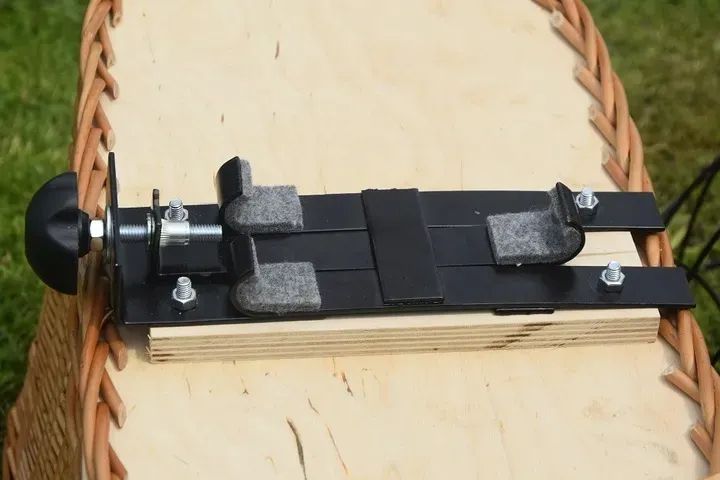 koszyk-wiklinowy-kosz-na-rower-bagaznik-dla-psa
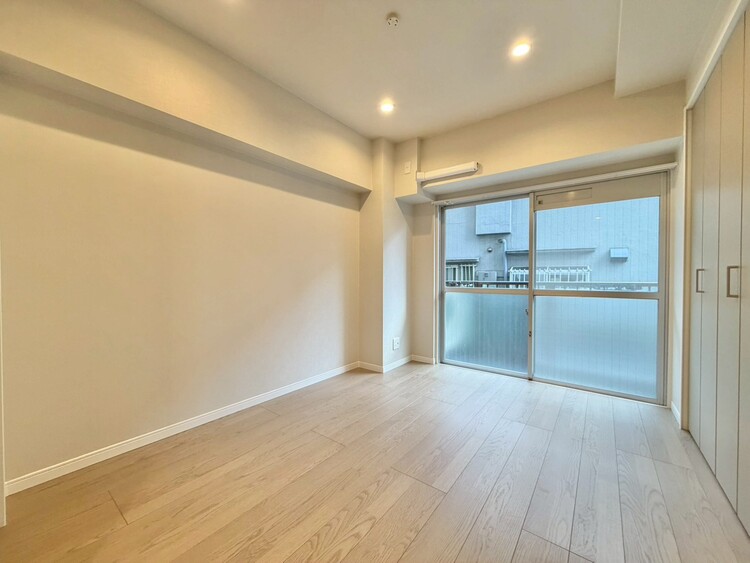 その他 清かで艶やかな時間をもたらしてくれる室内です。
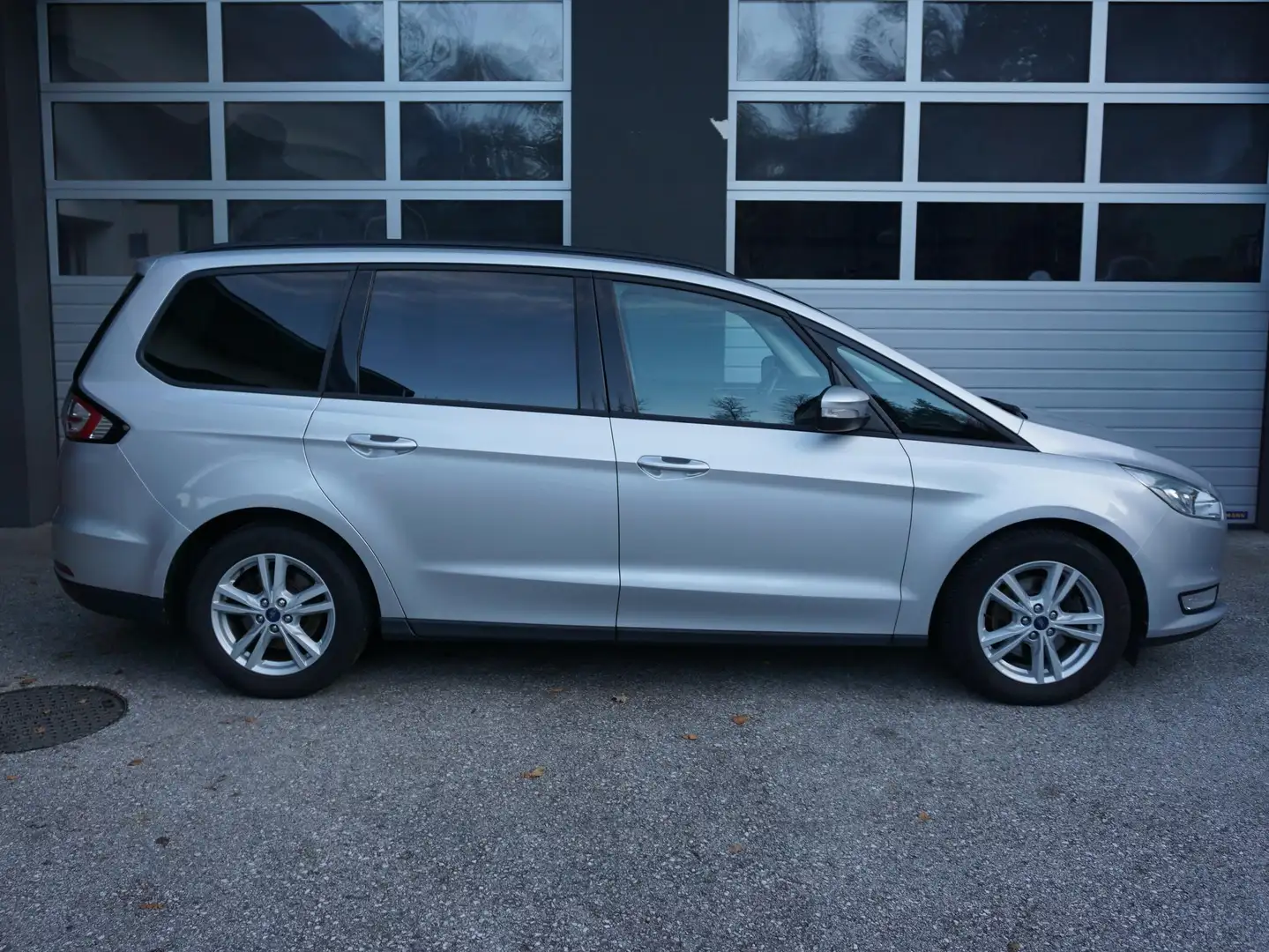 Ford Galaxy Business Silber - 2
+ + + + + + +
# To do
Could you give the material above again, exactly and without its pictures?

# Your response
 koszyk-wiklinowy-kosz-na-rower-bagaznik-dla-psa
 その他 清かで艶やかな時間をもたらしてくれる室内です。
 Ford Galaxy Business Silber - 2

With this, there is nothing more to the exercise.